What you are asked to do: Write each entry out again exactly, with nothing omitted.

Crawled caption data:
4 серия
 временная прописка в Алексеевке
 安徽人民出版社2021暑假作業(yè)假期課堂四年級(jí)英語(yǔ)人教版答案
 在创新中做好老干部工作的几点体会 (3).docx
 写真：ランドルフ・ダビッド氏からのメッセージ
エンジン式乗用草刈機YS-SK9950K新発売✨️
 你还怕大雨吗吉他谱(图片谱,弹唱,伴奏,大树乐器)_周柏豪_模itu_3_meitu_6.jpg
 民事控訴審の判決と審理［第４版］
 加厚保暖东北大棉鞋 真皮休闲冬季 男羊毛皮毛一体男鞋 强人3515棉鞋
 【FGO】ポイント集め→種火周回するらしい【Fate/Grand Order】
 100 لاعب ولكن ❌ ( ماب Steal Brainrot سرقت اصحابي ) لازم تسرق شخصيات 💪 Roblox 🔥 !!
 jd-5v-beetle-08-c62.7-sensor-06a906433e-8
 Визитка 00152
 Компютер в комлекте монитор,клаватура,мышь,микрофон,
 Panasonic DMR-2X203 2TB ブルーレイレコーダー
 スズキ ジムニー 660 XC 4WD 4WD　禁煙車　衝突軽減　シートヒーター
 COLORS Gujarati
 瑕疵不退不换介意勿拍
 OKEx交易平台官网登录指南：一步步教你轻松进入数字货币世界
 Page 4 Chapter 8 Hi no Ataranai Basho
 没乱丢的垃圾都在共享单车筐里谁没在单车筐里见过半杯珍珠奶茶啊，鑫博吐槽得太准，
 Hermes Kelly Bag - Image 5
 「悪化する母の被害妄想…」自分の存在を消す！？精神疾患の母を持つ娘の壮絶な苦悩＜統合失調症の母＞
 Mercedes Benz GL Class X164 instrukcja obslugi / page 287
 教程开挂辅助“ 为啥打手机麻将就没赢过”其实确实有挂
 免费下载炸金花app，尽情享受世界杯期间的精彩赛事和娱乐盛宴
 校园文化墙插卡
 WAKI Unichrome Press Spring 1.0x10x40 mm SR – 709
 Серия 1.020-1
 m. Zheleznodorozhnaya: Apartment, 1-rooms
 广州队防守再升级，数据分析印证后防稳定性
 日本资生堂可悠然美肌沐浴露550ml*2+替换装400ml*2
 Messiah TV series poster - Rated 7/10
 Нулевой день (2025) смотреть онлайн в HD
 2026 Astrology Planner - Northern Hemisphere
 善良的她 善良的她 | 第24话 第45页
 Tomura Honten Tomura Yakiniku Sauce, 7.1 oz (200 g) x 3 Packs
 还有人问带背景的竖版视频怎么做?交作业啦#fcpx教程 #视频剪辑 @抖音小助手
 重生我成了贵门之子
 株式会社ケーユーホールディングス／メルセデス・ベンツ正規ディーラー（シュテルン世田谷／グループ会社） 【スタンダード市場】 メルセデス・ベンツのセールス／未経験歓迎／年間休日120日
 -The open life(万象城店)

Solution to the exercise:
4 серия
 временная прописка в Алексеевке
 安徽人民出版社2021暑假作業(yè)假期課堂四年級(jí)英語(yǔ)人教版答案
 在创新中做好老干部工作的几点体会 (3).docx
 写真：ランドルフ・ダビッド氏からのメッセージ
エンジン式乗用草刈機YS-SK9950K新発売✨️
 你还怕大雨吗吉他谱(图片谱,弹唱,伴奏,大树乐器)_周柏豪_模itu_3_meitu_6.jpg
 民事控訴審の判決と審理［第４版］
 加厚保暖东北大棉鞋 真皮休闲冬季 男羊毛皮毛一体男鞋 强人3515棉鞋
 【FGO】ポイント集め→種火周回するらしい【Fate/Grand Order】
 100 لاعب ولكن ❌ ( ماب Steal Brainrot سرقت اصحابي ) لازم تسرق شخصيات 💪 Roblox 🔥 !!
 jd-5v-beetle-08-c62.7-sensor-06a906433e-8
 Визитка 00152
 Компютер в комлекте монитор,клаватура,мышь,микрофон,
 Panasonic DMR-2X203 2TB ブルーレイレコーダー
 スズキ ジムニー 660 XC 4WD 4WD　禁煙車　衝突軽減　シートヒーター
 COLORS Gujarati
 瑕疵不退不换介意勿拍
 OKEx交易平台官网登录指南：一步步教你轻松进入数字货币世界
 Page 4 Chapter 8 Hi no Ataranai Basho
 没乱丢的垃圾都在共享单车筐里谁没在单车筐里见过半杯珍珠奶茶啊，鑫博吐槽得太准，
 Hermes Kelly Bag - Image 5
 「悪化する母の被害妄想…」自分の存在を消す！？精神疾患の母を持つ娘の壮絶な苦悩＜統合失調症の母＞
 Mercedes Benz GL Class X164 instrukcja obslugi / page 287
 教程开挂辅助“ 为啥打手机麻将就没赢过”其实确实有挂
 免费下载炸金花app，尽情享受世界杯期间的精彩赛事和娱乐盛宴
 校园文化墙插卡
 WAKI Unichrome Press Spring 1.0x10x40 mm SR – 709
 Серия 1.020-1
 m. Zheleznodorozhnaya: Apartment, 1-rooms
 广州队防守再升级，数据分析印证后防稳定性
 日本资生堂可悠然美肌沐浴露550ml*2+替换装400ml*2
 Messiah TV series poster - Rated 7/10
 Нулевой день (2025) смотреть онлайн в HD
 2026 Astrology Planner - Northern Hemisphere
 善良的她 善良的她 | 第24话 第45页
 Tomura Honten Tomura Yakiniku Sauce, 7.1 oz (200 g) x 3 Packs
 还有人问带背景的竖版视频怎么做?交作业啦#fcpx教程 #视频剪辑 @抖音小助手
 重生我成了贵门之子
 株式会社ケーユーホールディングス／メルセデス・ベンツ正規ディーラー（シュテルン世田谷／グループ会社） 【スタンダード市場】 メルセデス・ベンツのセールス／未経験歓迎／年間休日120日
 -The open life(万象城店)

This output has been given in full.